Solving Electrolysis Questions: NaBr(aq) & Comparing Eo Values

[Thevanquished]

Here is the question:

Predict the products formed at the anode and at the cathode when NaBr(aq) is electrolysed using inert electrodes

Answer:

Somehow i got 2 different answers by different answer sheets

One of them stated that Br₂ gas (anode) and H₂ gas (cathode) would be liberated

However, the other one writes H₂(cathode) , H₂O and O₂ (anode) are formed

There is no arguments for the products formed at the cathode as clearly it is H₂ gas which is liberated there. However, the question lies in the products formed at the anode. Which one is correct?

E^o values if needed:
Br₂ + 2e ::equil:: 2Br^- E^o= +1.07V
Na⁺ + e ::equil:: Na E^o= -2.71V
O₂ + 4H⁺ + 4e ::equil:: 2H₂O E^o= +1.23V
O₂ + 2H₂O + 4e ::equil:: 4OH^- E^o= +0.40V[/color]
2H₂O + 2e ::equil:: H₂ + 2OH^- E^o= -0.83V

The ones in red are the equations in question. Which one should i use to compare E^o values with Br at the anode (oxidation)? And why?
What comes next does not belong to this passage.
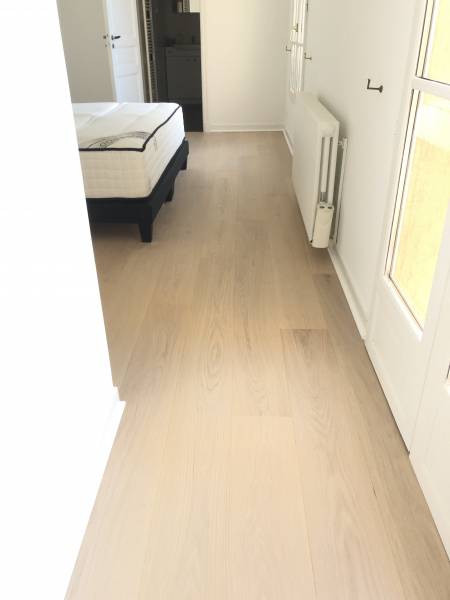 Pose de parquet en chêne massif 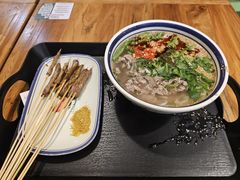 -云阿蛮云南生烫牛肉米线(奉贤路店)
The answer which states that bromine gas is liberated is most probably the right one (as it is provided by my school) but it used the O₂ + 4H⁺ + 4e ::equil:: 2H₂O equation to compare instead of O₂ + 2H₂O + 4e ::equil:: 4OH^- why is this so?[/color]

 

[Fightfish]

Where would you get your "4OH-" from in an aqueous solution of NaBr? The equilibrium concentration of it from the self-ionisation of water is going to be very insignificant and negligible (hence E value of the half-cell would be very positive actually, since equilibrium position lies very far to the right)

 

[Thevanquished]

Aren't OH- ions produced in the cathode?